Plus généralement, il met en scène une vitalité exubérante, qu'elle soit dans la joie ou dans l'affrontement, caractéristique de l'Inde, pour ceux qui y sont allés : une énergie électrique qui circule en permanence, un côté chaleureux aussi, que montre bien le film.


Pellissery ne manque pas de ressources donc, pour faire vivre sa traque, sans parvenir totalement à annihiler l'effet répétitif de la foule envahissant les rues du village, les ponts (joli séquence sur le pont en plongée) ou la forêt. Heureusement, il nous gratifie de deux scènes jubilatoires.


La première est l'extraction du buffle de son piège. C'est Antony, qui a construit le piège. Par orgueil et par rivalité avec Kuttakan qui a été accueilli en héros, il entend bien récupérer lui-même l'animal. En deux temps trois mouvements une potence est bâtie (autre référence au western) et tout le village, torche à la main, s'active pour faire descendre Antony puis hisser la bête. Las, la pluie se met de la partie et le satané buffle s'échappe de nouveau ! Tout cela est moyennement crédible bien sûr : dans la vraie vie, il y a longtemps qu'on lui aurait logé une balle dans la tête. Qu'importe puisque cela nous donne droit à une scène au souffle épique.

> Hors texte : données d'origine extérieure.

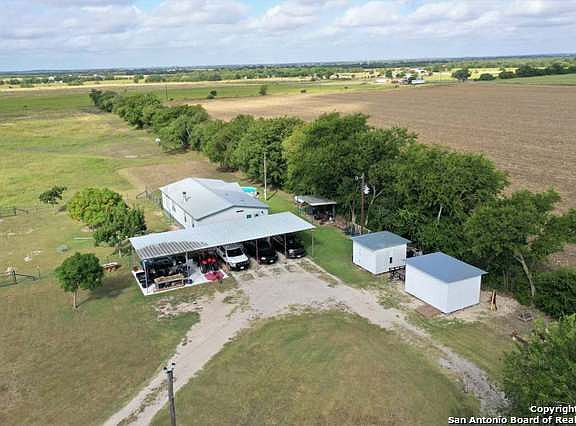 3rd image of 330 County Road 4517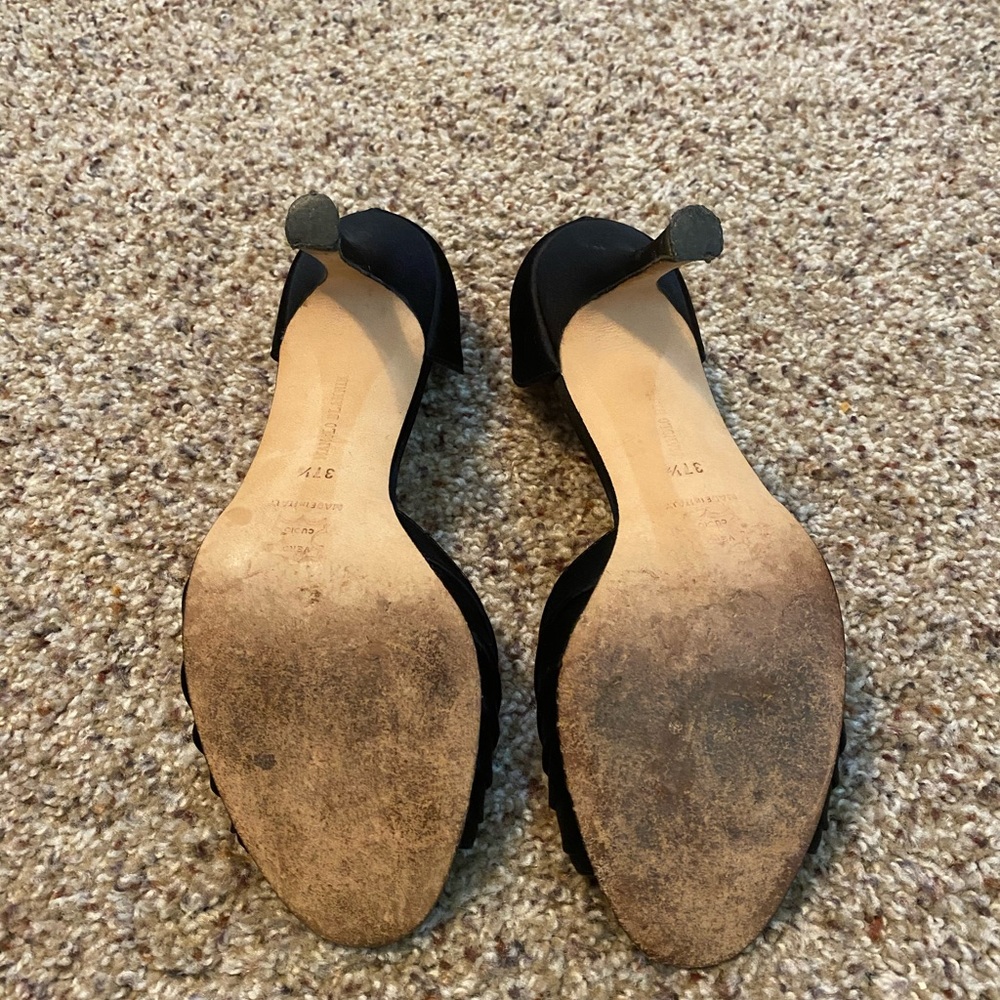 SOLD Manolo Blahnik Satin D'Orsay Pumps - Picture 4 of 5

Un souffle qu'on retrouve, au carré, dans la scène finale : meurtrie par les muletas, le buffle vient échouer dans un champ où Antony, arrivé premier sur les lieux, s'apprête à lui donner enfin le coup de grâce. C'est sans compter avec la foule qui veut sa part de viande après en avoir bavé. Une multitude de torches fondent sur Antony, se ruent les uns sur les autres pour aboutir à une mêlée boueuse. Magistral !


Et le buffle alors ? Jamais il n'apparaît comme une figure diabolique, façon Dents de la mer. Le propos est clair : c'est l'homme la véritable bête. Pas d'une originalité folle, je le concède. Pour souligner le propos, le film nous montre un vieux, malade, qui se relève péniblement pour contempler un buffle inoffensif. Toujours cette petite tendance au coup de stabylo.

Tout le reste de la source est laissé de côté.